Confrontation visual field testing is a simple and quick visual field assessing method. A confrontational field test requires little or no special equipment and can be performed in any room, which is well illuminated.
Patient sitting straight in front of the examiner, is asked look directly at the examiner's eye during the test. The target eye should be the one directly across from the patient's eye. When the patient's right eye is being tested, closing the other eye, patient is instructed to look directly at the examiners left eye. Examiner closes his/her left eye, and then conduct finger movements, bringing his/her fingers or any other into your visual field from the sides. Since the test is basically comparison of the patient's visual field with the examiner's visual field, [28] it is not an accurate measurement of visual field.
Visual field assessment encompasses various perimetry techniques used in ophthalmology to evaluate how well someone can see in different areas of their vision. These techniques include flicker perimetry, which assesses temporal visual function and spatial resolution targeting the M pathway; Frequency Doubling Technology (FDT), which utilizes an optical illusion to evaluate ganglion cell damage within the M pathway; Short-Wavelength Automated Perimetry (SWAP), isolating the S cone system to detect early glaucoma-related damage; High-pass Resolution Perimetry, focusing on resolution over the central visual field; Saccadic Vector Optokinetic Perimetry (SVOP), using eye tracking for assessing natural eye movements; and various standard and automated perimetry methods like Goldmann, Humphrey field analyzer, and Octopus, each employing different techniques for visual field assessment. These diverse methods aid in diagnosing and monitoring ocular conditions, offering valuable insights into visual function and pathology. [5] [29] [30]

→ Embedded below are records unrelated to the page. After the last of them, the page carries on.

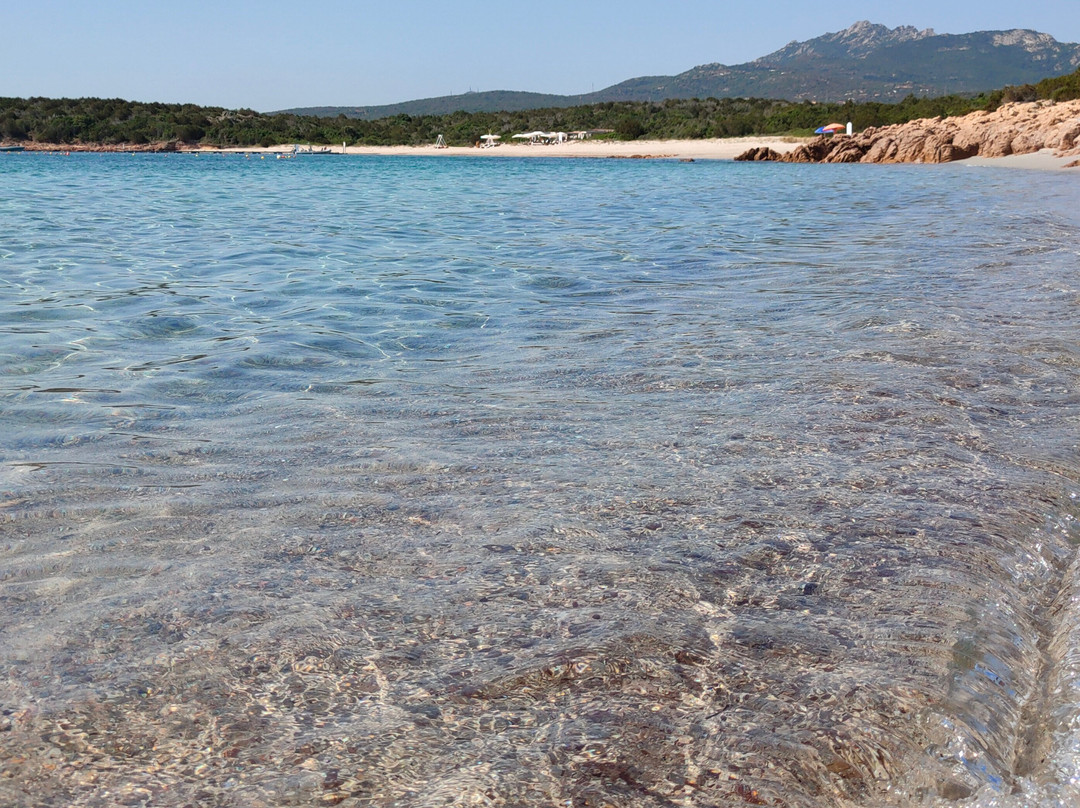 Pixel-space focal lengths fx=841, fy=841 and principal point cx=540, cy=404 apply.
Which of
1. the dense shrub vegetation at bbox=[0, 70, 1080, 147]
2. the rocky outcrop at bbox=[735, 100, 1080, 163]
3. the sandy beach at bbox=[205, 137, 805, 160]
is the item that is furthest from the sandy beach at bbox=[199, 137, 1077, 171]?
the rocky outcrop at bbox=[735, 100, 1080, 163]

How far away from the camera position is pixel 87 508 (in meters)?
3.04

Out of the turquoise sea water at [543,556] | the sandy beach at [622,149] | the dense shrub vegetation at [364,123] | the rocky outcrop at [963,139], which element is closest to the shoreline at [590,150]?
the sandy beach at [622,149]

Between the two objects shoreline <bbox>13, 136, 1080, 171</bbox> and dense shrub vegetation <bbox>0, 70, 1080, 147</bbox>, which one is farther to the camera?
dense shrub vegetation <bbox>0, 70, 1080, 147</bbox>

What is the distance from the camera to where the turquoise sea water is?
1.77m

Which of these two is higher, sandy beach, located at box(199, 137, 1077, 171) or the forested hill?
the forested hill

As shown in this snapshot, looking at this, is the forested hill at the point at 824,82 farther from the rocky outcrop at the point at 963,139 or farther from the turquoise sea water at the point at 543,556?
the turquoise sea water at the point at 543,556

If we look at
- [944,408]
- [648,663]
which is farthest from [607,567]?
[944,408]

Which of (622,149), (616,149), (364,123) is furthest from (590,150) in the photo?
(364,123)

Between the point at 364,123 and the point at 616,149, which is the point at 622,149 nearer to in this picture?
the point at 616,149

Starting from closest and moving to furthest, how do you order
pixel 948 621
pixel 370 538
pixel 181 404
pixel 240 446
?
pixel 948 621
pixel 370 538
pixel 240 446
pixel 181 404

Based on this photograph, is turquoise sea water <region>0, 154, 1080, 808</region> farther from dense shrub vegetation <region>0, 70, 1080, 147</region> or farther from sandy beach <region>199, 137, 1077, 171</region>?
dense shrub vegetation <region>0, 70, 1080, 147</region>

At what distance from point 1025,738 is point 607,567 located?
117cm

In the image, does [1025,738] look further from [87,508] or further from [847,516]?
[87,508]

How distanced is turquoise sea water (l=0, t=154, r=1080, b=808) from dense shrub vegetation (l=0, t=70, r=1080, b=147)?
65226 mm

Modern computerized perimeters like humphrey field analyser (HFA) give more comprehensive and accurate reports than finger testing methods.
MRI of the brain and orbit helps to find the exact site of a lesion. [31]

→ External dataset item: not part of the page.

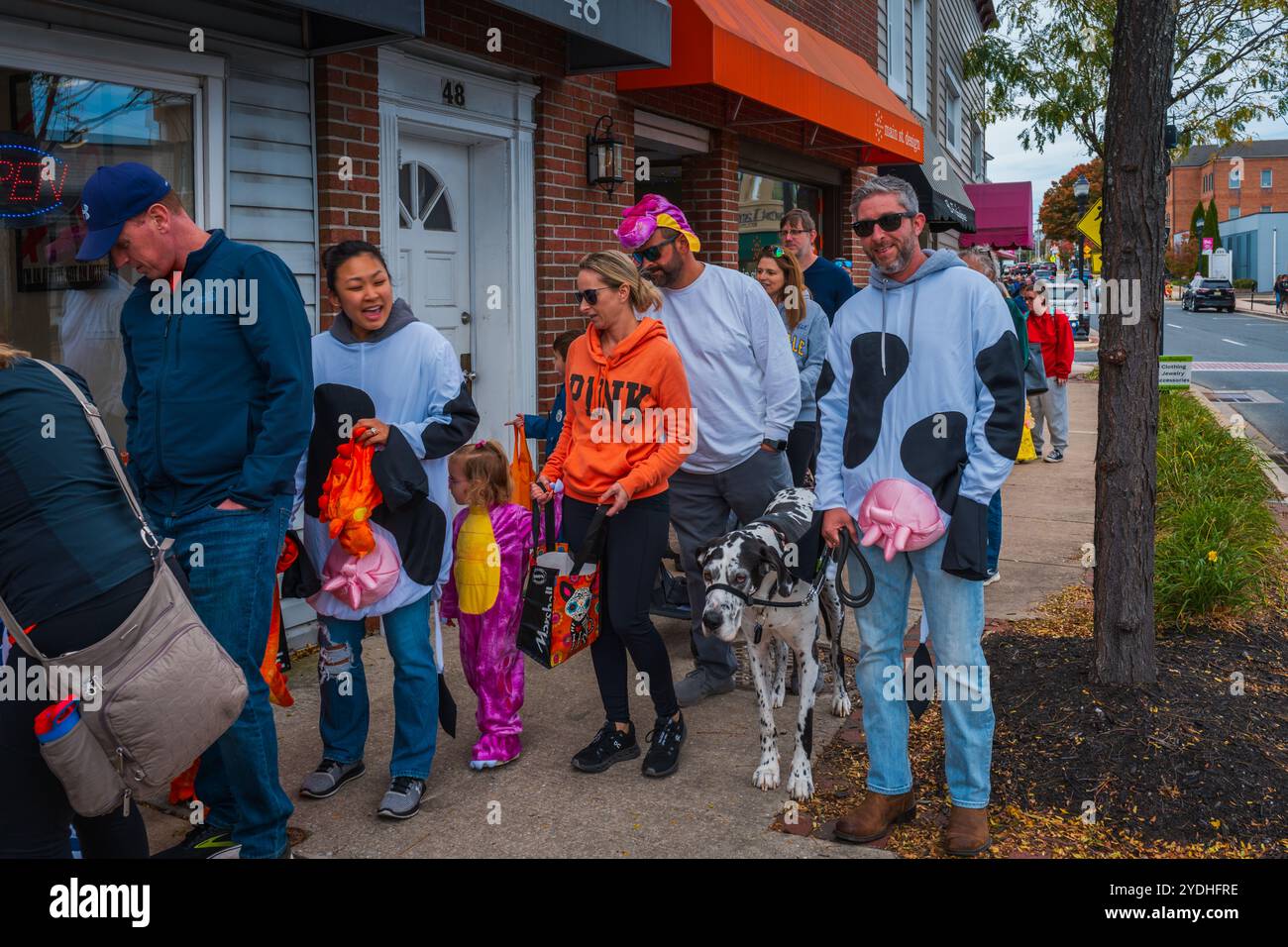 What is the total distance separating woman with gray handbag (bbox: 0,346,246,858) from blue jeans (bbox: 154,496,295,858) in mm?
609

CT scan is also used for investigating cause of visual pathway lesions. [31]
Tumours and other compressive lesions could often present with visual impairment and/or visual field defects. Careful clinical assessment could aid in accurate diagnosis of the cause of the visual field defect and loss of vision. Compressive lesions of the visual pathway, especially lesions affecting optic nerve require a multi-disciplinary approach involving neurosurgeon, physician as well as the ophthalmologist. [32] Treatment is given according to the cause.